Since the mid 1980s, Simply Red has been a constant presence contributing to the UK pop scene. They released an album, on average, every two or three years until 2007, but eight years have passed between the release of Stay, and their new album Big Love. So why the big gap? Lead singer Mick Hucknall had expressed the notion of “running away from Simply Red” with Stay, and after almost thirty years maybe it was simply time for a break. Whatever the reason, Big Love announces the return of Simply Red and shows the band completely embracing the ‘blue-eyed soul’ sound that they have become associated with.
The first two songs, Shine On and Daydreaming, reflect this and begin the album with a really positive feeling. The subtle and syncopated wah-wah guitar strumming coincides with the drumbeat to evoke a sense of soul and funk, even riding close to disco territory on the first track. The intricate strumming and sense of rhythm is something that’s carried throughout the album, giving a feeling of continuity.

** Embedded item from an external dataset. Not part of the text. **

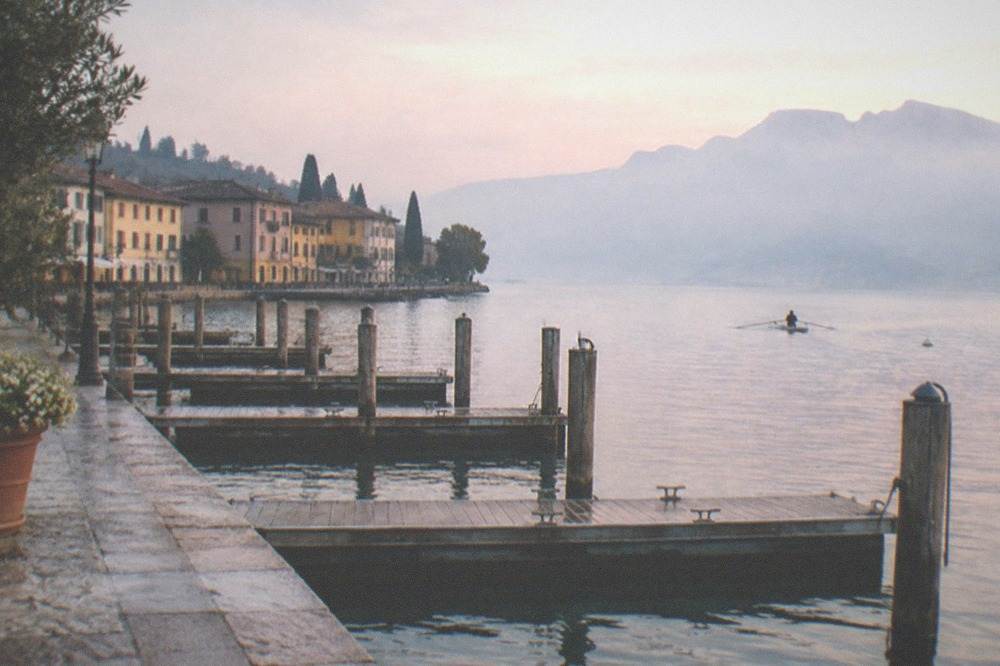 A lakeside promenade with closed mooring pontoons in early morning light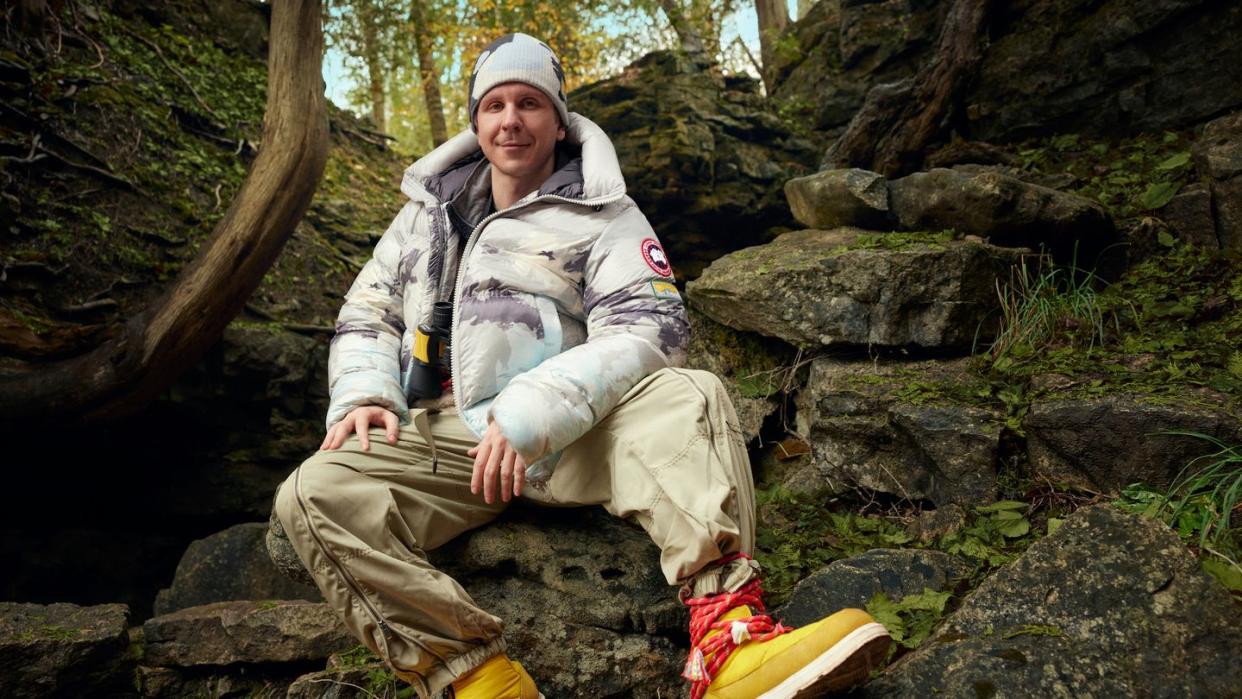 a man sitting on a rock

One of the major strengths and identifying characteristics of Simply Red is Hucknall’s distinctive voice. He may have pushed past his fiftieth birthday since the last album, but his vocals on this album are strong as ever. He creates an intimate connections with the listener in the title track and The Ghost of Love, and reels off flourishes of poetic lyrics in tracks like Love Gave Me More: “Smile like a view on a misty garden/Eyes from the dew of a crystal dawn”.

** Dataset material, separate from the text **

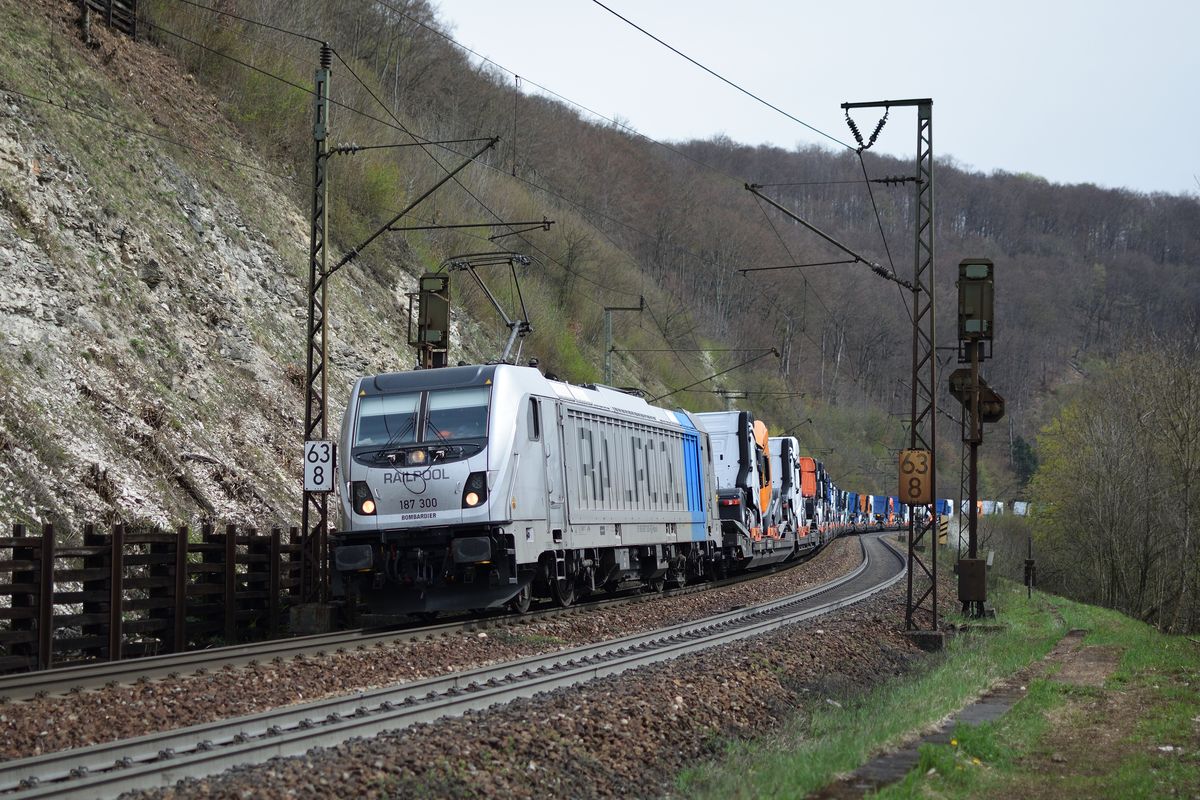 187 300 von Railpool zieht am 15. April 2018 einen mit Lkws beladenen Güterzug die Geislinger Steige hinunter.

Big Love brings together twelve strong original songs and unifies them with a distinct musical feeling and underlying theme. Yes, the album’s title gives it away, the album is about love. But more specifically, it celebrates familial love, whether that be through an ode of appreciation to the love of a lost father in Dad or the romantic love of a partner in Coming Home.

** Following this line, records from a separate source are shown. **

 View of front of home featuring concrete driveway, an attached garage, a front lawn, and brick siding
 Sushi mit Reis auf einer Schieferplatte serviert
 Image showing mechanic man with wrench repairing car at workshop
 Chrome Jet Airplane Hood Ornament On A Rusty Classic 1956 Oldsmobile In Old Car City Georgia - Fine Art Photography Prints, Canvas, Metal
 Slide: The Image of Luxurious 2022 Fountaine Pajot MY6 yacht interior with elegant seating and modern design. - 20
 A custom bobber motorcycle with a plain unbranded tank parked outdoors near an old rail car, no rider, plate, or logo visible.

I feel like this album is also a celebration of Simply Red’s career. They’re well-renowned as a blue-eyed soul group, but they also mix in various influences like more gospel soul tones in Tight Tones, jazz lounge vibes in The Old Man and the Beer and various pop and funk nuances throughout. The final track Each Day wraps things up well, featuring an instrumental build up and a showcase of Hucknall’s vocal range. Leaving us with the sweet lyrics “Each day, each day together/Each day, each day forever”, Simply Red leaves their mark having embraced their own sound and nailed it.